Despite the two wheels, the engine and the stopwatch, Joe Danger isn’t really a racing game. It’s been drawn with ultra crayons that make colours three shades too bright to look at, and every noise is a ‘pling’. We’re on to you, Joe. You’re a platform game in disguise.

Superficially, yes, there’s racing. Joe is a stuntman, cape streaming behind him as he ducks under poles, hops over bumps, and flies over jumps on his little bike. But the levels are stacked with pickups: coins, stars and letters to collect. There are jump pads to send you into the air, obstacles that whack you in the face. You’ll just make a ridiculous leap, and see the podgy little rider turn to the camera and give a thumbs-up. Keep your hands on the bar! Look where you’re going!

This isn’t Junior Kickstart. More like Junior... Quick... Load? It’s got a whole lot of influences: willfully difficult 8-bit platform games, Crazy Taxi, Sonic the Hedgehog. Completing the courses requires finger-gnarling precision: jump is powered by releasing the duck button, one of those design decisions that creates blind panic when you’re riding up to a jump followed by a head-height pole. It’s one of those games: cruel, but with an instant restart button that turns failure into motivation.

Like Trials 2, it’s a manic, barely-in-control fight against gravity and momentum. Joe can shift his weight to wheelie on the ground or spin in the air – whether to get the better of the bump pads that toss you up just out of the correct arc to grab coins, or simply to make wild spirals for fun.

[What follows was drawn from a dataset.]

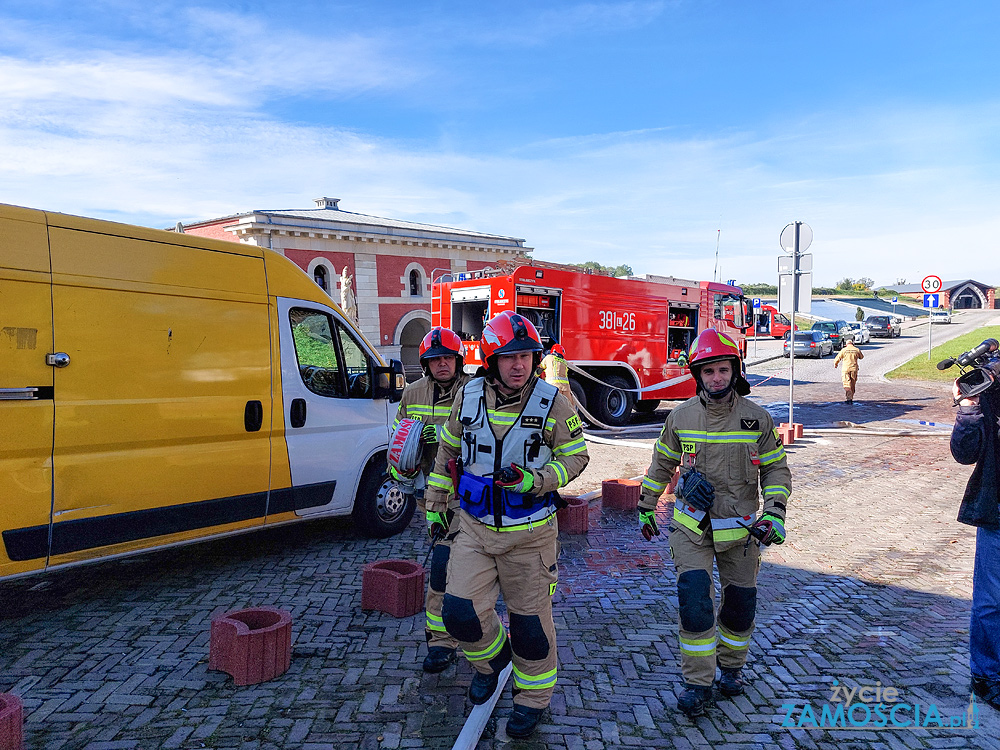 aktualności Zamość akcje charytatywne Zamość architektura Zamość atrakcje turystyczne Zamość baseny Zamość biegi uliczne Zamość biblioteki Zamość biznes Zamość dziedzictwo kulturowe Zamość eventy Zamość festiwale Zamość fitness Zamość galeria sztuki Zamość historia Zamość hotele Zamość imprezy kulturalne Zamość inicjatywy społeczne Zamość informacje Zamość inwestycje Zamość kino w Zamościu kluby muzyczne Zamość kluby sportowe Zamość koncerty muzyczne Zamość koncerty Zamość konferencje biznesowe Zamość kursy i szkolenia Zamość kawiarnie Zamość kulturalne Zamość lokalne firmy Zamość lokalne wiadomości Zamość maratony Zamość muzea Zamość muzeum Zamość noclegi Zamość oferty pracy Zamość organizacje pozarządowe Zamość parki Zamość pomoc społeczna Zamość portal informacyjny Zamość przedsiębiorstwa Zamość praca Zamość przewodnik po Zamościu projekcje filmowe Zamość rekonstrukcje historyczne Zamość restauracje Zamość rynek pracy Zamość siłownie Zamość spacery po Zamościu spektakle teatralne Zamość spotkania autorskie Zamość spotkania mieszkańców Zamość szkoły Zamość szlaki turystyczne Zamość targi biznesowe Zamość teatr w Zamościu turnieje sportowe Zamość uniwersytety Zamość wydarzenia edukacyjne Zamość wydarzenia historyczne Zamość wydarzenia kulturalne Zamość wydarzenia społeczne Zamość wydarzenia w Zamościu wiadomości z Zamościa wolontariat Zamość wykłady Zamość warsztaty artystyczne Zamość warsztaty Zamość wyścigi rowerowe Zamość wystawy artystyczne Zamość wystawy Zamość zabytki Zamościa zabytki Zamość zawody sportowe Zamość zamojska społeczność życie w Zamościu zwiedzanie Zamość Akademia Zamość radio zamość imprezy zamość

But with a nod to TrackMania, Joe Danger is made up of multiple challenge levels. Timed runs, collection races, bowling, even a build-the-track-as-you-ride level that mixes the game’s level editor into a race. The four-man development team is keen to allow us to pick our own path and avoid the challenges we don’t want, so beyond the tutorial you’re free to skip to the bits you like. That said, everything we tried was fun. A split-screen race between two Joes introducedus to the punch button – not to mention the art of controlling landings so as to leave the other racer behind and yourself out of punching range. Pro-tip: land on your back wheel to carry your momentum on.

Joe Danger is characterful and silly. It promises to be the game you’ll want to pick up whenever you have a few spare minutes tocareen down a dirt track towards a loop-the-loop. It’ll be there when you want to pick up and perfect your run on a few tracks, shaving time or grabbing more coins to unlock a few more levels. Or you might fancy seeing what sort of levels the community has devised in the level editor. It has plenty of reasons for you to keep track of it.